### COLLECTED MATERIAL:

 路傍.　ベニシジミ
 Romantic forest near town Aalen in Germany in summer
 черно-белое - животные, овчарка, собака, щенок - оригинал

### WHAT YOU SHOULD DO:
Transcribe the listing above in full, so that every line matches exactly.

### WRITTEN RESPONSE:
 路傍.　ベニシジミ
 Romantic forest near town Aalen in Germany in summer
 черно-белое - животные, овчарка, собака, щенок - оригинал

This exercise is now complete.